• _INPUT DATA_:
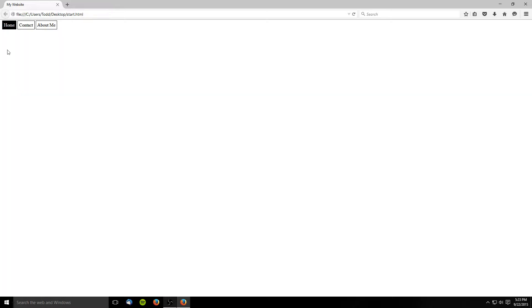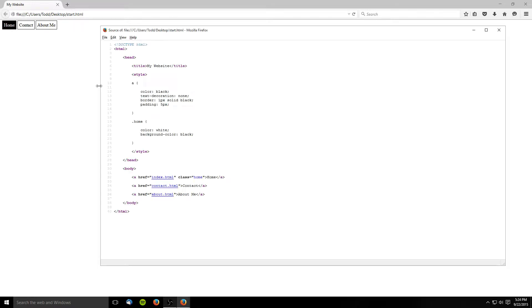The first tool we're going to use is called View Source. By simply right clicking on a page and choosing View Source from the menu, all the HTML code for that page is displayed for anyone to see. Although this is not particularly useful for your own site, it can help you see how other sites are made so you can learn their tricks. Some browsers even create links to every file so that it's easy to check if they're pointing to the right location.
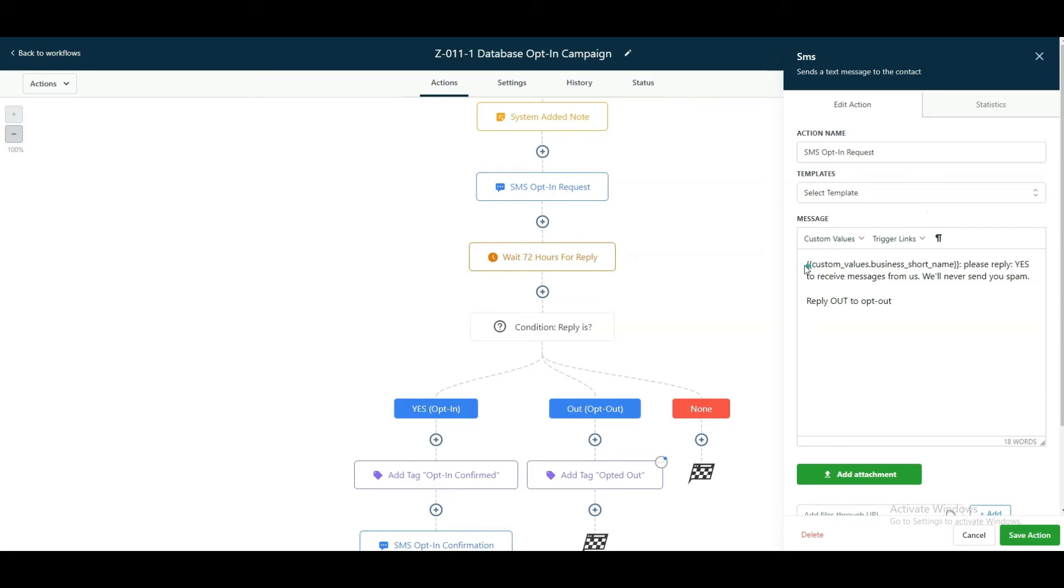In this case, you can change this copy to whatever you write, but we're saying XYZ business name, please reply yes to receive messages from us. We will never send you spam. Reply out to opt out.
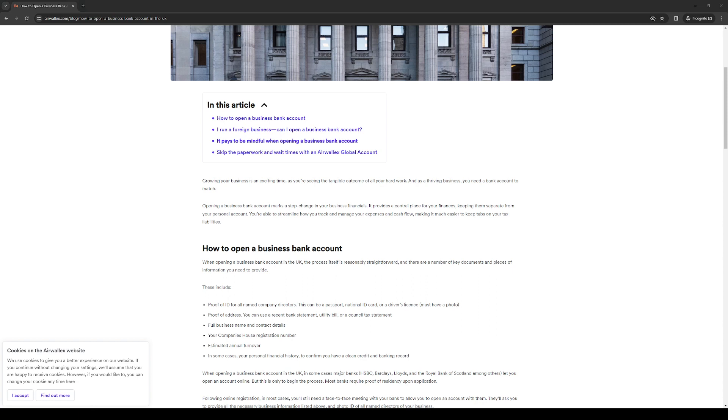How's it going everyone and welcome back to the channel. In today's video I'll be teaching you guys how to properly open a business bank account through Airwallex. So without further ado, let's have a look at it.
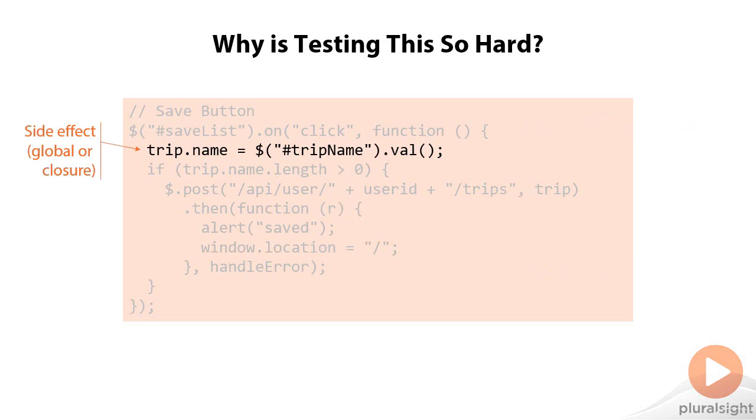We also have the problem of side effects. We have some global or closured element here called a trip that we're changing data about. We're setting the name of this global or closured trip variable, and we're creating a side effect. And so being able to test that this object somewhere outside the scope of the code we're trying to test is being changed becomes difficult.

---

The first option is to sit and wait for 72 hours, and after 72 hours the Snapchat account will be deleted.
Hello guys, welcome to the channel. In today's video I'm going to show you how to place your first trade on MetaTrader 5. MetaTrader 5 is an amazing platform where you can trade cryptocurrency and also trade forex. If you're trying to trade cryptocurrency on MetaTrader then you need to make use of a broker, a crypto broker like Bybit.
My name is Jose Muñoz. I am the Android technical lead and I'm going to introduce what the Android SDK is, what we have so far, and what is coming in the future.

---

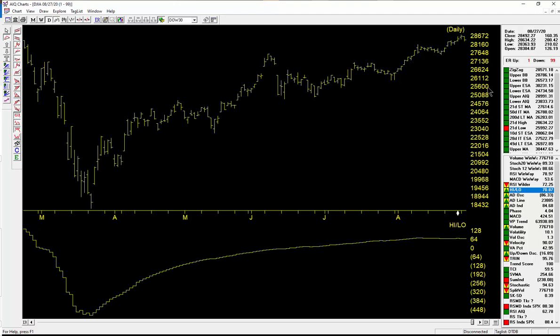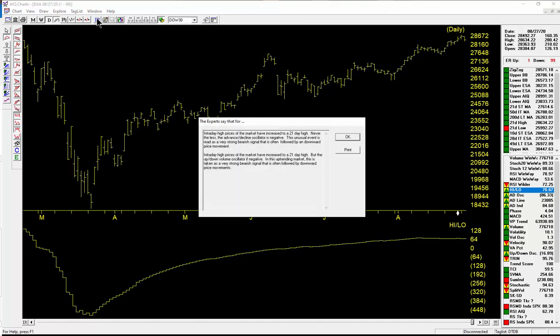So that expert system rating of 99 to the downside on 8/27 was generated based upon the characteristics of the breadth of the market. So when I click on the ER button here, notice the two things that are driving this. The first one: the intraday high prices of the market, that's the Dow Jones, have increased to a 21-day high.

• _WORK INSTRUCTION_: In the listing above, find the line with "Hello guys, welcome" and the line with "My name is Jose"; set down exactly those two lines and every line between them, nothing more.

• _YOUR SOLUTION_:
Hello guys, welcome to the channel. In today's video I'm going to show you how to place your first trade on MetaTrader 5. MetaTrader 5 is an amazing platform where you can trade cryptocurrency and also trade forex. If you're trying to trade cryptocurrency on MetaTrader then you need to make use of a broker, a crypto broker like Bybit.
My name is Jose Muñoz. I am the Android technical lead and I'm going to introduce what the Android SDK is, what we have so far, and what is coming in the future.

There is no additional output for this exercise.